Now the day is over, night is drawing nigh…
You know, I don’t want to sound morbid, but I’m realizing every day how much of my life has already been spent. It is hard to remember that I don’t have forever to do the things I want to do or go the places I want to see. I don’t have forever to see my family that I miss so dearly or to share my heart for and to my children. There are a finite number of days in our life, and when the Psalmist tells us that we have seventy to eighty years, he isn’t joking. that’s around the average lifespan!
Some ways that I see the “drawing nigh” are very telling for me. For example: health. You know what? I don’t bounce back like I used to. I’m watching my husband recuperate from back surgery and am just amazed that it really takes six weeks to heal enough to be able to resume some of your normal activities. That’s one quarter of the time it takes to heal completely. That stuns me.
Whatever illness I caught in the hospital is still attacking me. I still feel weak, achy, and as if I have a fever. I don’t, but it feels as if I do. My joints are screaming for relief. Oh, and my asthma is about to let me have it. The fact that I have asthma at all is incredible. Three weeks of illness? Really? As a younger person, that would have been unbelievable.
It really drives home the point that my life is not unchanging. I am getting older. My body will fail me. I need to keep it in the best condition I can in order to make this second half of my life all it could be.
I’m also learning not to let things bother me that once would have. I finally can see that I have a tight leash on my inner thunder puppy. What I can see– and I never thought would be true– is that I have to be careful not to allow myself to become desensitized to mediocrity or even wrong as I “grow up.” I don’t believe that I am ever going to become so laissez faire that I won’t care about what is wrong.

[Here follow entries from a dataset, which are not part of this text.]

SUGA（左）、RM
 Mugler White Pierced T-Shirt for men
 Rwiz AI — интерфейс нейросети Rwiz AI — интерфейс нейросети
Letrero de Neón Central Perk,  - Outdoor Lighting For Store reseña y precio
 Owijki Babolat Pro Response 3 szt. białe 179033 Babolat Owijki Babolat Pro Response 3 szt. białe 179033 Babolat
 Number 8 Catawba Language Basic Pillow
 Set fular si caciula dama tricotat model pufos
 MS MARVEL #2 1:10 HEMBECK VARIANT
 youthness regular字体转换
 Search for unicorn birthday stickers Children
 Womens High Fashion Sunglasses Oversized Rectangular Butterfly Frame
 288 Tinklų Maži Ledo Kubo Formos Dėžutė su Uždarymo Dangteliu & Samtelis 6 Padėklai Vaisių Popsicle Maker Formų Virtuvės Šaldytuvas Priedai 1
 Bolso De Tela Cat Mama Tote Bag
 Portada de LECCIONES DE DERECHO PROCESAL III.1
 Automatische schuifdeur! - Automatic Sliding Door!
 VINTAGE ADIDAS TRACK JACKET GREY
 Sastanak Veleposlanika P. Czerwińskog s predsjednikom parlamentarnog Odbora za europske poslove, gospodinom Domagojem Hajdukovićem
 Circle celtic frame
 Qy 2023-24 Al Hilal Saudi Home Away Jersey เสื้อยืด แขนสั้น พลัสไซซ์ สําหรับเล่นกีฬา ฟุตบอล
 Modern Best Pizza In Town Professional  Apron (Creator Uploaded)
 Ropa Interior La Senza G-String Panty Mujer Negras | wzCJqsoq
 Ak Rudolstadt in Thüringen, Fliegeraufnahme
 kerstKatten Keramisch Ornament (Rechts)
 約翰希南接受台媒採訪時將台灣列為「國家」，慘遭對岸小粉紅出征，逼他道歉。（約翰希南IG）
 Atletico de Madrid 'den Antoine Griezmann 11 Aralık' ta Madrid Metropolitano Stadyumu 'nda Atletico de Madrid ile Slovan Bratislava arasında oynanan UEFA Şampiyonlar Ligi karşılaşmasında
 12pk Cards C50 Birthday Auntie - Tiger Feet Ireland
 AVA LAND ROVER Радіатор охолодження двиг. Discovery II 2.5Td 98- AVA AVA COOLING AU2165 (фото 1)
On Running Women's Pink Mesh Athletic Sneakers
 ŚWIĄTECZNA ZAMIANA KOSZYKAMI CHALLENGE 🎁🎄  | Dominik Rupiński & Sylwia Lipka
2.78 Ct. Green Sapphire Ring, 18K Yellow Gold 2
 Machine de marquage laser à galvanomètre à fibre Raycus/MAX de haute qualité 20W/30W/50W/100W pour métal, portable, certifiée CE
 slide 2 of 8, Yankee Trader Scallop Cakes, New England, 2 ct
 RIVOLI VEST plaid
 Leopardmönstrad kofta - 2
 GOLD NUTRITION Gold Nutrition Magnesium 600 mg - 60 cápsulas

It has been so long since I’ve seen my parents. I don’t even like to think about how long it’s been. Now that Kevin has had this surgery, I realize that we’ll never take a long road trip again. No more half-country treks across the country. We’ll need to fly. I need to plan for trips to see my parents alone or bringing a child or two and not expect it to be a full family again. That means a whole different kinds of budgeting. It’s now a priority of a different nature. If I won’t be living forever, neither will my parents. I don’t want that regret in my life.
I look around me and my life has a lot of “fat” to trim. If I want to finish my life strong, I need (haven’t I said this before? Why don’t I ever learn?) to live it strong– to its fullest. I need every minute to count. Look, I don’t want to strip the whimsy and relaxation times of life, but do I really need to play 50 games of spider solitaire every day? I don’t think so. Ok, so it’s not that many, but um… the hours add up. I want to enjoy a good game now and then, but I want other things– better things– to be what I have to show for it.
I am at peace and almost have zero stress when my home is in order. Why then, do I allow myself to let it get cluttered or disheveled? It seems a bit counter-intuitive to talk about living life– taking it for everything it has– and cleaning the house more, but it is what I need in order to do those things. It is what I need in order to live that fullest life. I need that.
I’ve been playing with schedules for the past week. It’s been a long time since I’ve operated on a schedule. I may begin again. Just looking at what I think I need to get done really does make me see what I want to do– what I want to accomplish. Once again, my life may need to become a little more tightly organized in order to give me freedom. In the past, I’ve enjoyed that organized freedom and at other times it has strangled me. I think I’m ready again. I’ll just have to see I think.